YOUR TASK >> Start at the line holding "3FAHP02187R128930 - 2007". Write out that line and each one after it to the end of the data, unchanged.

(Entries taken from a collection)
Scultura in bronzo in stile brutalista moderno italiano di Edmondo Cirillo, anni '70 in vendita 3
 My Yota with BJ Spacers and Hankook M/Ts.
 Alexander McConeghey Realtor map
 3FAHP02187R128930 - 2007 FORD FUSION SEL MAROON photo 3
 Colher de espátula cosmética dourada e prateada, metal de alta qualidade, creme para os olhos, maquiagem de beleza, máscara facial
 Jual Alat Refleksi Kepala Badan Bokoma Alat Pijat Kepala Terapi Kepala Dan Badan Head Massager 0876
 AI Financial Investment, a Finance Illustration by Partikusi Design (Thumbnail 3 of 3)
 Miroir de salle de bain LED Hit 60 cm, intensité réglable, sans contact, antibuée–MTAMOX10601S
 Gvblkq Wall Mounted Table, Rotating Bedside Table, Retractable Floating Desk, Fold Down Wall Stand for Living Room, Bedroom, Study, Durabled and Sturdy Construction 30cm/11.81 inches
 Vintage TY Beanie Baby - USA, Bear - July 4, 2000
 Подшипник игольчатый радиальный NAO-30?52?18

SOLUTION >>
 3FAHP02187R128930 - 2007 FORD FUSION SEL MAROON photo 3
 Colher de espátula cosmética dourada e prateada, metal de alta qualidade, creme para os olhos, maquiagem de beleza, máscara facial
 Jual Alat Refleksi Kepala Badan Bokoma Alat Pijat Kepala Terapi Kepala Dan Badan Head Massager 0876
 AI Financial Investment, a Finance Illustration by Partikusi Design (Thumbnail 3 of 3)
 Miroir de salle de bain LED Hit 60 cm, intensité réglable, sans contact, antibuée–MTAMOX10601S
 Gvblkq Wall Mounted Table, Rotating Bedside Table, Retractable Floating Desk, Fold Down Wall Stand for Living Room, Bedroom, Study, Durabled and Sturdy Construction 30cm/11.81 inches
 Vintage TY Beanie Baby - USA, Bear - July 4, 2000
 Подшипник игольчатый радиальный NAO-30?52?18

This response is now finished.